# Ordered a Bolt



## jcthorne (Jan 28, 2002)

Ok, so I ordered a Bolt. I am not happy with the new All In lifetime pricing so will just use the 1 year it comes with for now and decide what to do with the subscription later.

I also ordered a 2.5" WD green 7200rpm 2TB drive on the same amazon order.....

Amazon says I should recieve it on the 4th. (Sunday?)


----------



## aaronwt (Jan 31, 2002)

So has there been confirmation that the hard drive can be replaced?

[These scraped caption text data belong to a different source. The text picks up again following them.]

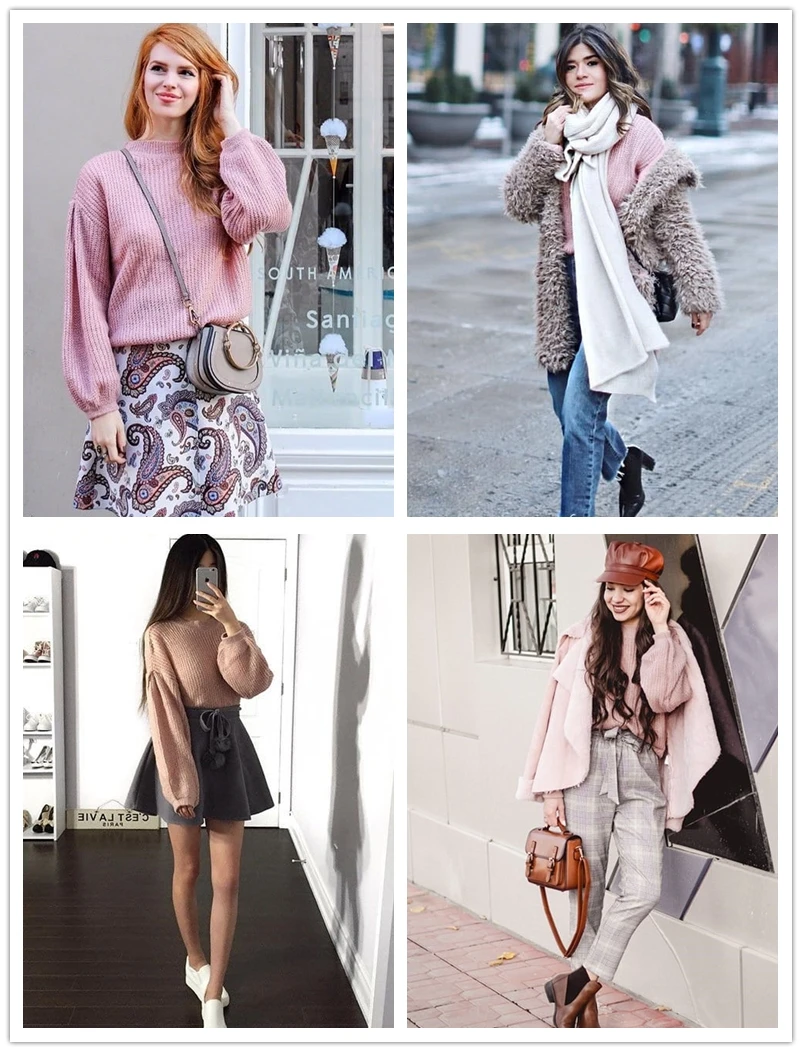 Sheinside, украшение из блесток, контрастный топ, свитер, круглый вырез, пэчворк, длинный рукав, свободные пуловеры, осенний Женский Повседневный свитер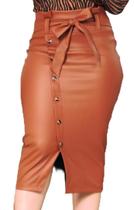 Saia Moda Evangélica Com Ziper e Laço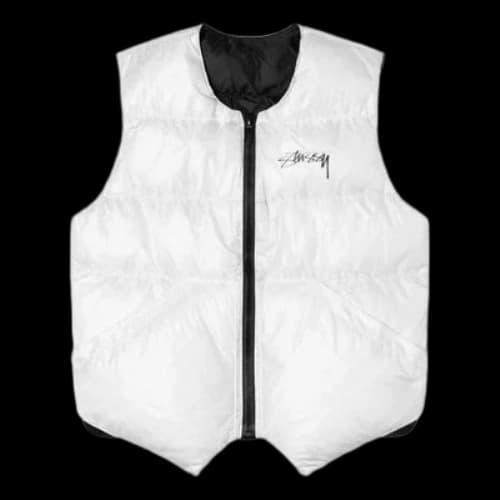 Stussy x OL CDW Reversible Down Vest 'White Black'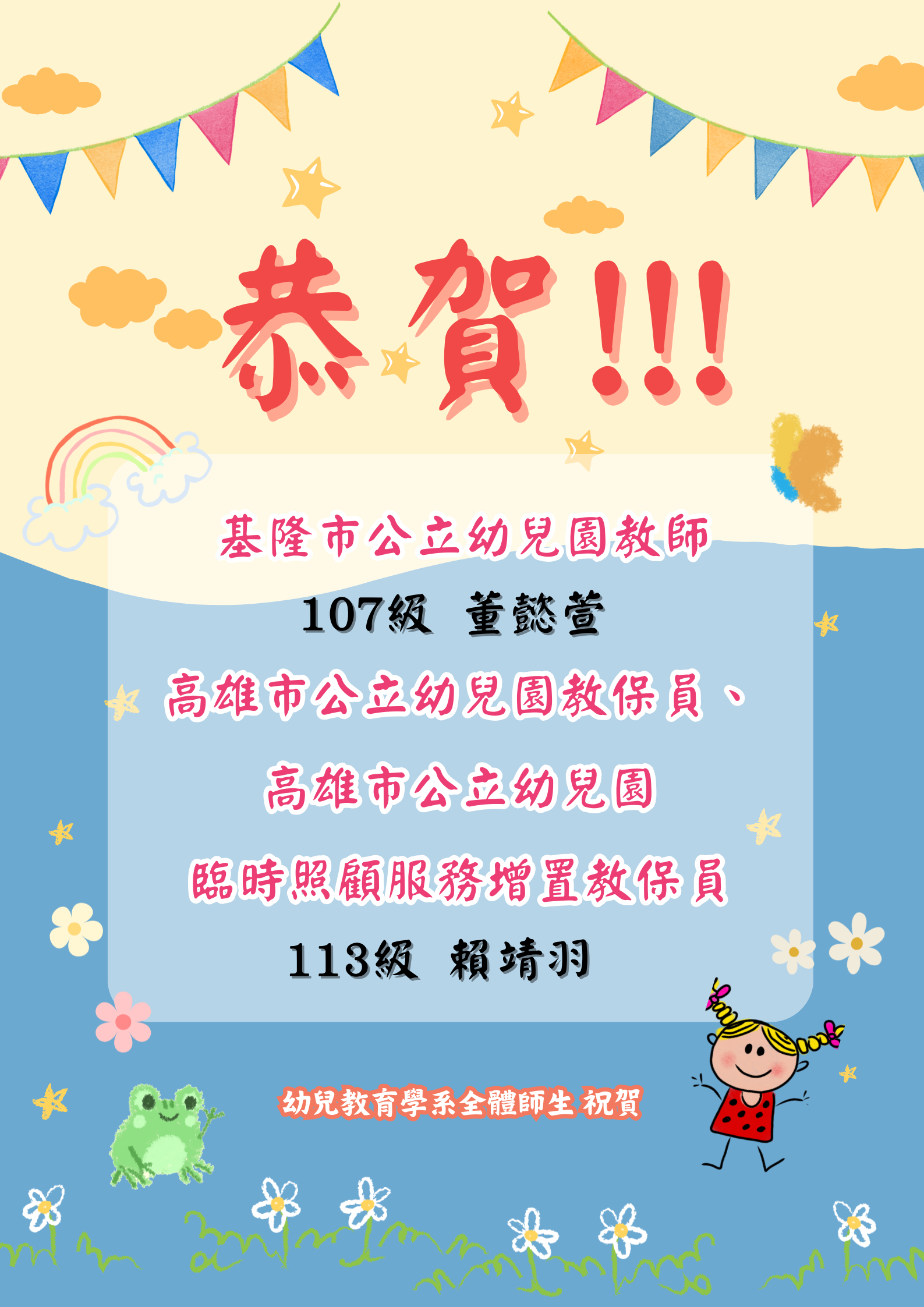 Link to 1140821基隆 高雄教保員榜單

And will the hard drive fit in there? Isn't the 2.5" WD 2TB drive a 15mm high drive?


----------



## bradleys (Oct 31, 2007)

aaronwt said:


> So has there been confirmation that the hard drive can be replaced?
> 
> And will the hard drive fit in there? Isn't the 2.5" WD 2TB drive a 15mm high drive?


It is never confirmed until the first guy does it...


----------



## innocentfreak (Aug 25, 2001)

Didn't Zatz or someone hint at we might see an upgrade offer or sale coming soon?

How much all in did it cost with the drive?


----------



## jcthorne (Jan 28, 2002)

aaronwt said:


> So has there been confirmation that the hard drive can be replaced?
> 
> And will the hard drive fit in there? Isn't the 2.5" WD 2TB drive a 15mm high drive?


We will see. I have a 1tb 9mm drive already but almost always have more than 1tb on my Roamio now. Do not want to downgrade. At least with Amazon, if it dont work I can return it.

Obviously I am betting the drive will fit and be plug n play like the Roamio.


----------



## jcthorne (Jan 28, 2002)

innocentfreak said:


> Didn't Zatz or someone hint at we might see an upgrade offer or sale coming soon?
> 
> How much all in did it cost with the drive?


408 with tax.


----------



## thefisch (Jul 25, 2015)

With the 30 day return on Tivo and amazon, there is little risk here. Let us know how it goes.


----------



## larrs (May 2, 2005)

I'm all in and waiting for your write up. Thanks for being the first guinea pig.


----------



## dhoward (Mar 15, 2002)

I was going to purchase the bolt to replace my Premier but I also have a Roamio on monthly. In the past I have been able to get Tivo to switch my older monthly unit to the $99 lifetime. I called Tivo today and there was no way they would do it as they said their whole pricing structure has change and PLS was no longer being offered period. So I did not order the Bolt since I do not want to have two units eventually on monthly even though the Bolt would be 12 months in the future. My wife uses the Roamio and her needs are very simple so barring a hardware failure we will be keeping it for awhile. This way Tivo saved me $400. The Bolt for $300 and the PLS for $100.....


----------



## dhoward (Mar 15, 2002)

I also asked about a deal mentioned in another thread where someone was offered a Roamio Plus for $350 with $99 lifetime because they showed they were still an owner of a Series 1,2, or 3. I still have a lifetime series 2 but it was still a no go. No deal on Roamio either. He hinted about a Christmas sale but I am not holding my breath.


----------